From Monday night’s Fox News All-Stars.
On President Obama’s Monday morning press conference on the debt ceiling negotiations:
Look, he adopts this position of being the Olympian observer of all this – above all the squabbling. Everyone else plays politics, but he acts in the national interest. …
All of a sudden, he’s decided we have to have a big deal, not a small deal. For months he insisted we have no deal. For months he insisted that we have a debt ceiling increase with no cuts at all. And now all of a sudden [he demands] only a big deal. And he says, “If not now, when?”
How about in February, when he, as president, submitted a budget that increased the deficit? … This is a president who’s kicked the can for two years and all of a sudden has decided it has to be long-term. You know what his definition of long-term is? The day after Election Day. Anything shorter is short-term because it would hurt him politically. This has nothing to do with the requirements of the economy.
On the contrast between President Obama’s warnings on Monday about Medicare’s insolvency and his assertion last summer that Obamacare had “put Medicare on a sounderfinancial footing” for at least a dozen additional years:
Well, you’ve heard of situational ethics?
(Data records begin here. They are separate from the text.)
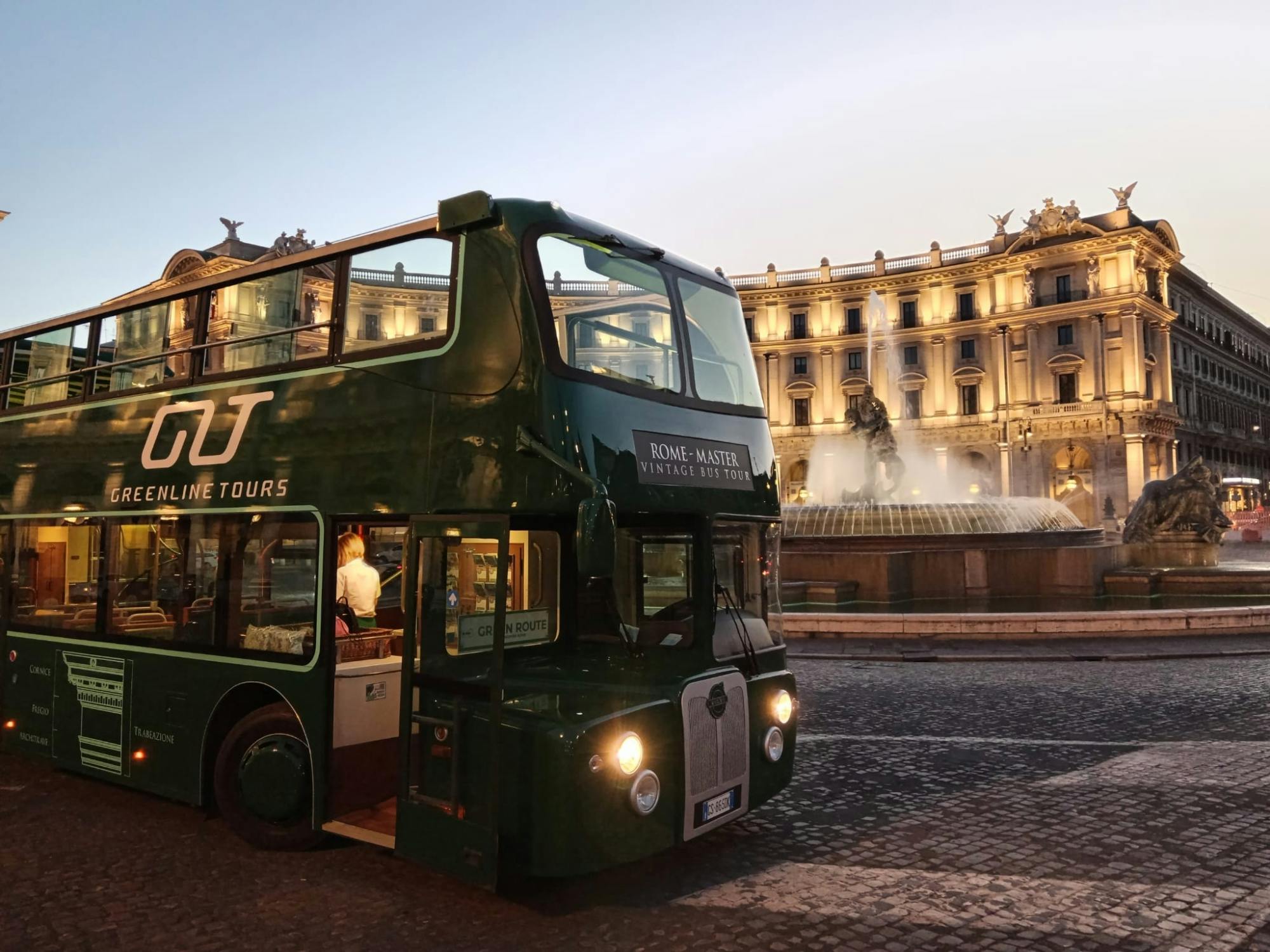 Recorrido nocturno en autobús abierto por Roma con parada para degustación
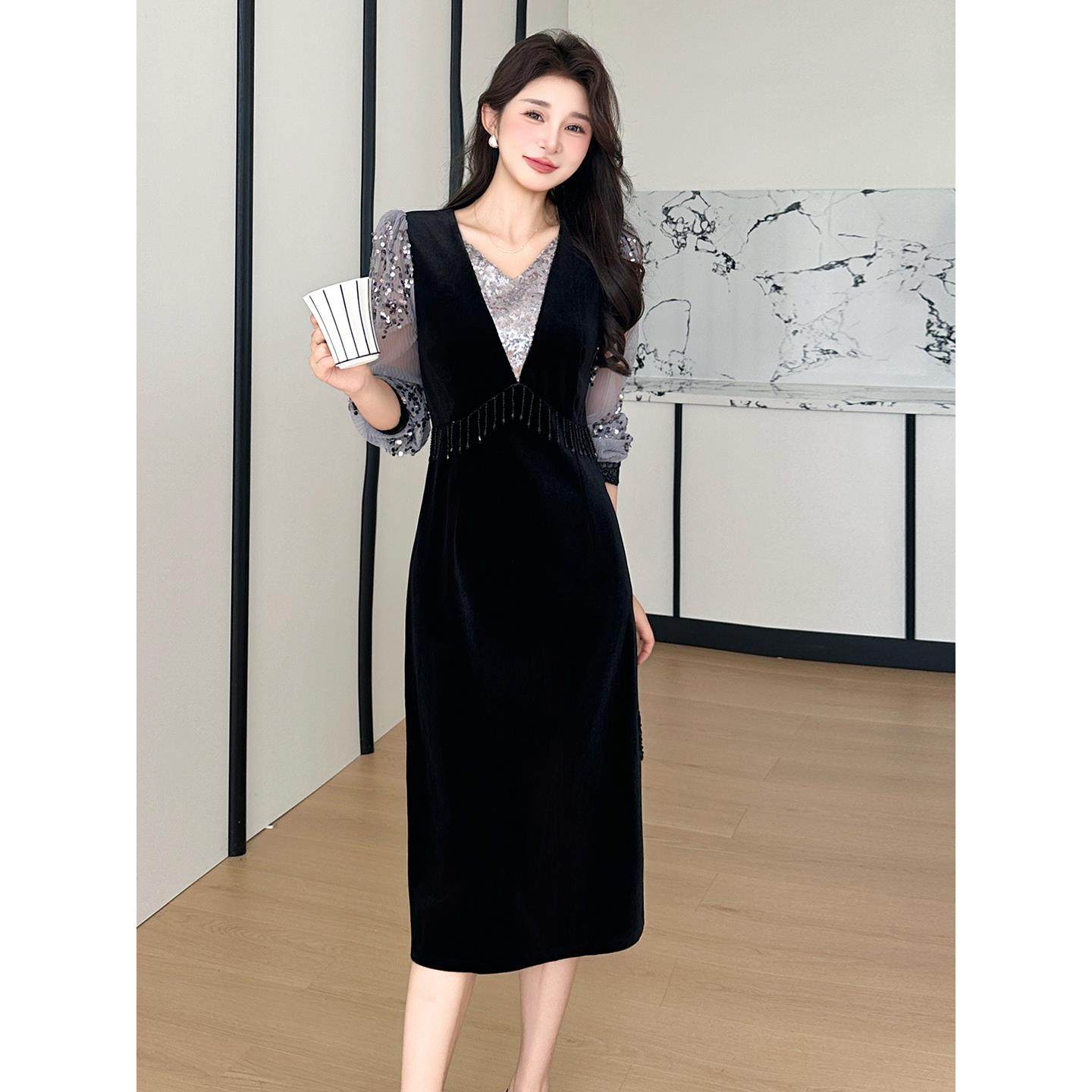 JOYIASS轻奢减龄高级感长袖连衣裙女秋冬重工钉珠覆古丝绒遮肉设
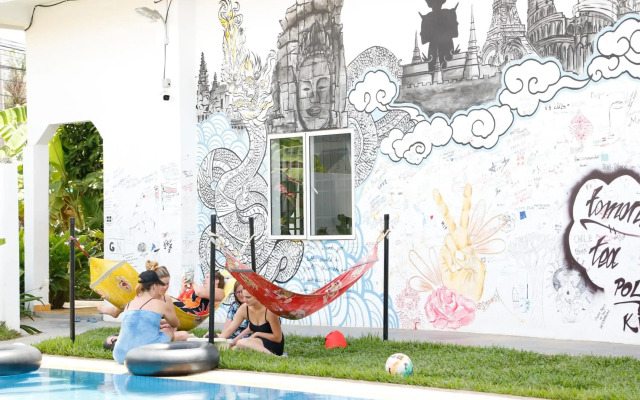Pool Party Hostel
This is situational truth. Obama will say what he needs to say at the time he says it to advance a political agenda — as he did with the individual mandate [in the health-care bill]. Remember, when he needed it to pass in the House and the Senate, he said, ‘This is not a tax.’ And now that he’s in court on the constitutionality of it [the individual mandate in the health-care bill], the administration position is, ‘Oh, of course it’s a tax.’
On Obama’s rationale for increasing taxes on high earners:
I thought the most stunning statement in the whole hour was when Obama said — about insisting on having a tax hike for the rich – he said: I will not accept a deal in which I am allowed to keep hundreds of thousands of dollars in additional income I don’t need.
Allowed to keep? Is this his conception of what taxation is? This is the liberal idea that the government owns you and your income, and it will decide in its wisdom what it will allow you to keep — after deciding what you need, what you’re entitled to, and what income is extra.
A conservative position – an American position – is that government taxes you according to what it needs in order to function. …That’s its function, not to decide what you need.
I think this is a huge gaffe that Republicans ought to play again and again. Who owns your income?